What is being asked: Once the images are set aside, output the listing exactly as it stands.

Data:
* * * *
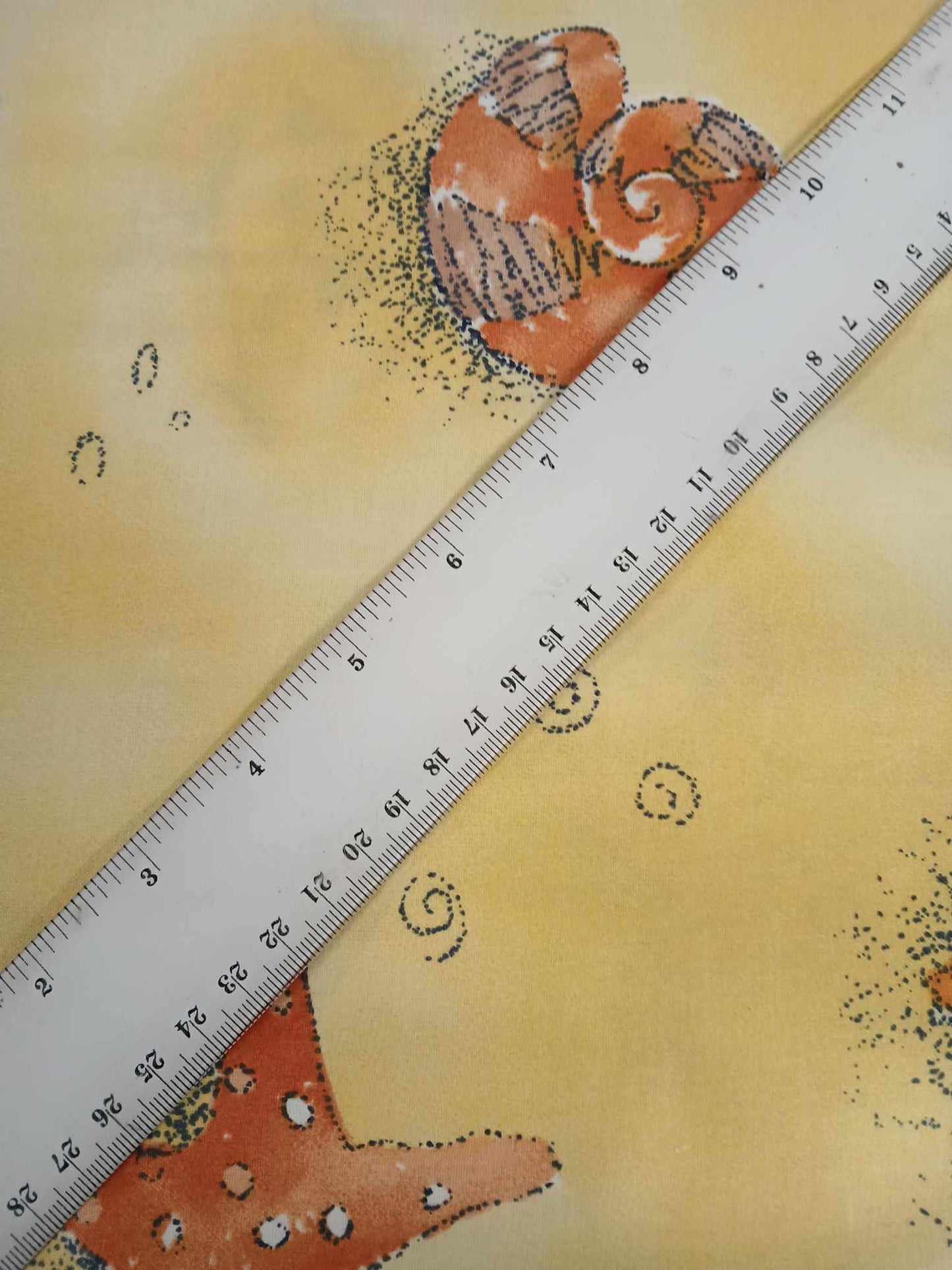 100% Cotton - Seaside - Yellow/Orange/Blue - 54" Wide - Sold By the Metre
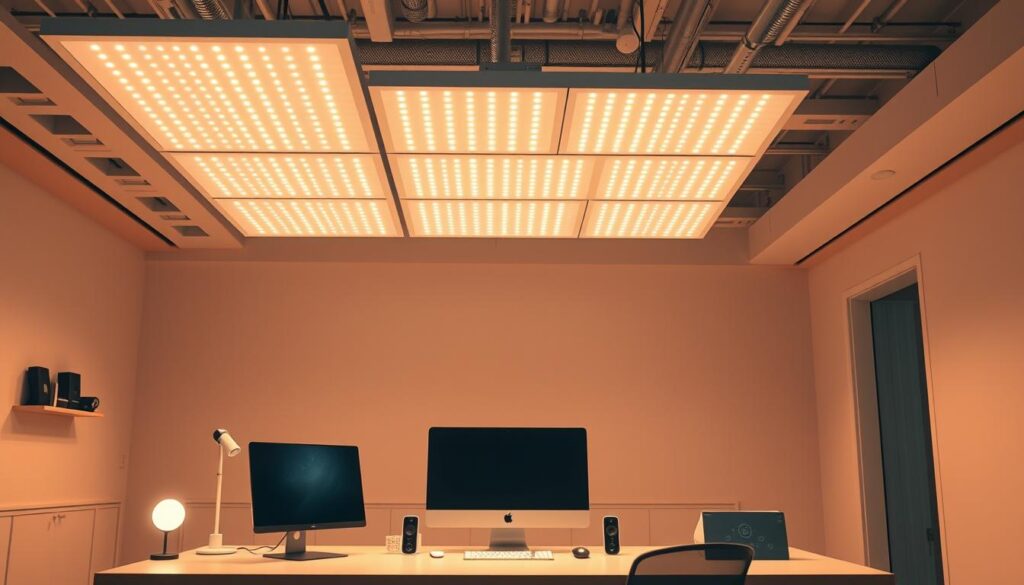 A high-tech LED lighting system hovers above a sleek, minimalist workspace. The Aloha LED panels emit a warm, ambient glow, illuminating a scene of modern, efficient design. In the foreground, a desktop computer and smart devices sit atop a clutter-free desk, while the middle ground showcases advanced LED light bulbs and fixtures. The background features clean, architectural lines and a neutral color palette, creating a serene, futuristic atmosphere. This innovative LED lighting technology represents the cutting-edge advancements transforming the industry in 2025. A high-tech LED lighting system hovers above a sleek, minimalist workspace. The Aloha LED panels emit a warm, ambient glow, illuminating a scene of modern, efficient design. In the foreground, a desktop computer and smart devices sit atop a clutter-free desk, while the middle ground showcases advanced LED light bulbs and fixtures. The background features clean, architectural lines and a neutral color palette, creating a serene, futuristic atmosphere. This innovative LED lighting technology represents the cutting-edge advancements transforming the industry in 2025.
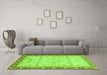 Machine Washable Abstract Green Modern Area Rugs in a Living Room,, wshabs3654grn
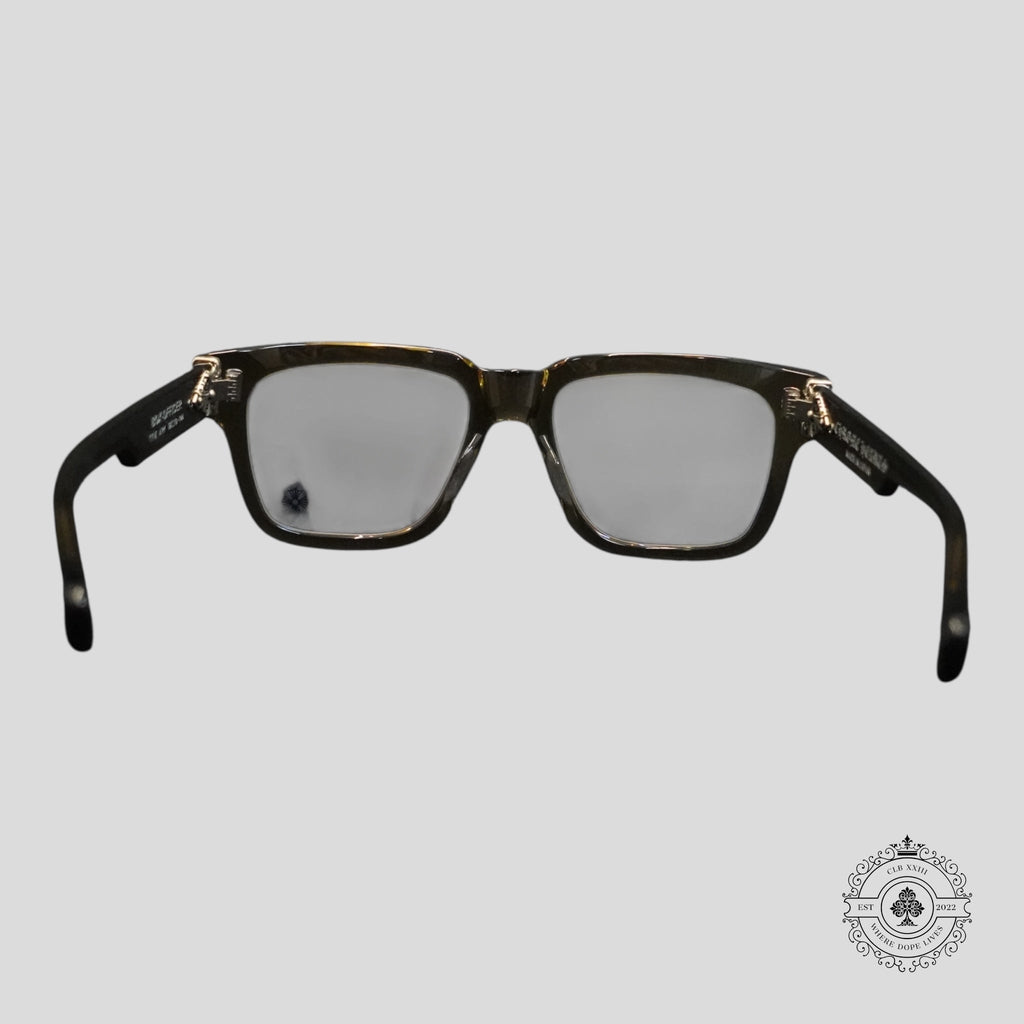Lunettes de soleil Chrome Hearts Box Officer en olive clair/argent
* * * *
Output for this exercise:
 100% Cotton - Seaside - Yellow/Orange/Blue - 54" Wide - Sold By the Metre
 A high-tech LED lighting system hovers above a sleek, minimalist workspace. The Aloha LED panels emit a warm, ambient glow, illuminating a scene of modern, efficient design. In the foreground, a desktop computer and smart devices sit atop a clutter-free desk, while the middle ground showcases advanced LED light bulbs and fixtures. The background features clean, architectural lines and a neutral color palette, creating a serene, futuristic atmosphere. This innovative LED lighting technology represents the cutting-edge advancements transforming the industry in 2025. A high-tech LED lighting system hovers above a sleek, minimalist workspace. The Aloha LED panels emit a warm, ambient glow, illuminating a scene of modern, efficient design. In the foreground, a desktop computer and smart devices sit atop a clutter-free desk, while the middle ground showcases advanced LED light bulbs and fixtures. The background features clean, architectural lines and a neutral color palette, creating a serene, futuristic atmosphere. This innovative LED lighting technology represents the cutting-edge advancements transforming the industry in 2025.
 Machine Washable Abstract Green Modern Area Rugs in a Living Room,, wshabs3654grn
Lunettes de soleil Chrome Hearts Box Officer en olive clair/argent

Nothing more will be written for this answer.